The ultimate goal is to save the nation US $2 trillion (AU $3.15 trillion).
And now, DOGE is canvassing the public…via social media…to uncover instances of abuse coming from the SEC.
Related: West Virginia Eyes Crypto for Inflation Protection: New Bill Proposes Strategic Diversification into Digital Assets
Musk and DOGE Look to Twitter For Examples of SEC Fraud
The SEC has been a controversial figure among the crypto community for the last few years. Gary Gensler and co led a ‘regulation by enforcement’ strategy that saw lawsuits land at the feet of several prominent crypto exchanges and projects.
The financial regulators have a different makeup now under Trump, with many suggesting they will be much more progressive on matters relating to digital currencies.
Nevertheless, Musk and the rest of his team seem to think the SEC may be prone to unnecessary spending, waste, fraud and abuse.
To find out more, the DOGE_SEC Twitter / X account posted overnight asking followers for direct messages demonstrating instances of SEC malpractice.
Taking to Twitter for serious discourse is a dicey proposition, but DOGE will be hoping to find some juicy evidence among the inevitable mass of memes headed into its inbox over the next week or so.
Free Richard Heart, the SEC Tanked Cardano, Pay for our Legal Fees: Early Suggestions Come Pouring In
The DOGE post caused quite the stir among the community, as you’d expect.

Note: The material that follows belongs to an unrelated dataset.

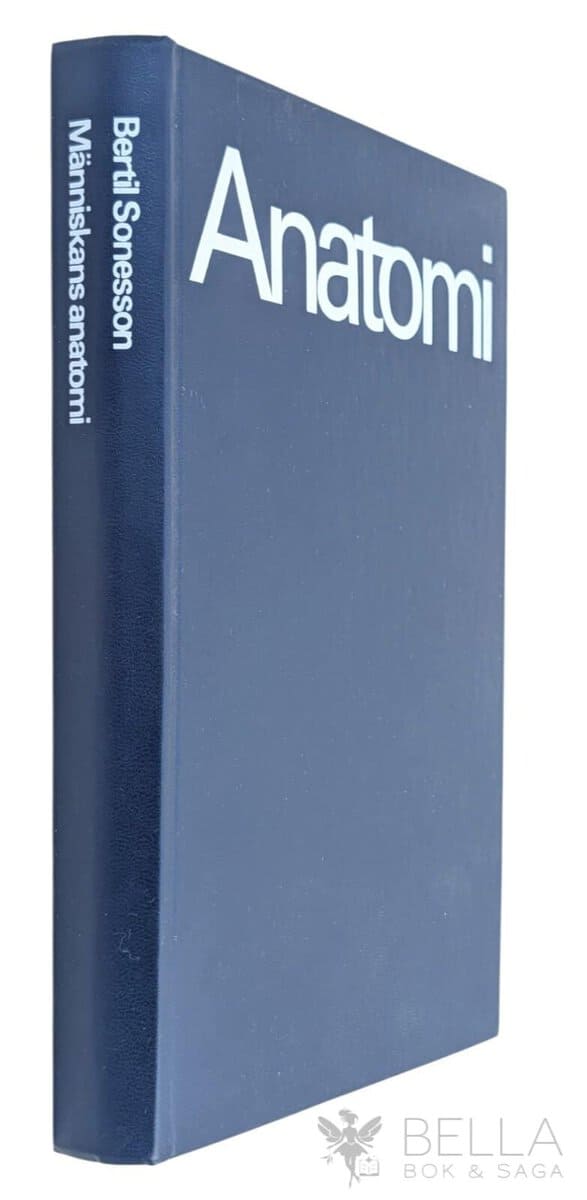 Bertil Sonesson : Anatomi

So far, most of the public replies have been almost entirely crypto-related, accusing the SEC of deliberately tanking the digital assets market with their heavy-handed actions.
Richard Heart, who was recently listed as an international fugitive and charged by the SEC, has also been a topic of conversation.
Perhaps the most compelling comment came from Coinbase’s Chief Legal Officer and crypto-friendly lawyer, Paul Grewal. He suggested that the SEC covers the legal costs of any case they lose, in the hope this ensures the regulators only target obvious cases of fraud and financial malpractice.
The team is also researching the practicality of using blockchain for payments across the government.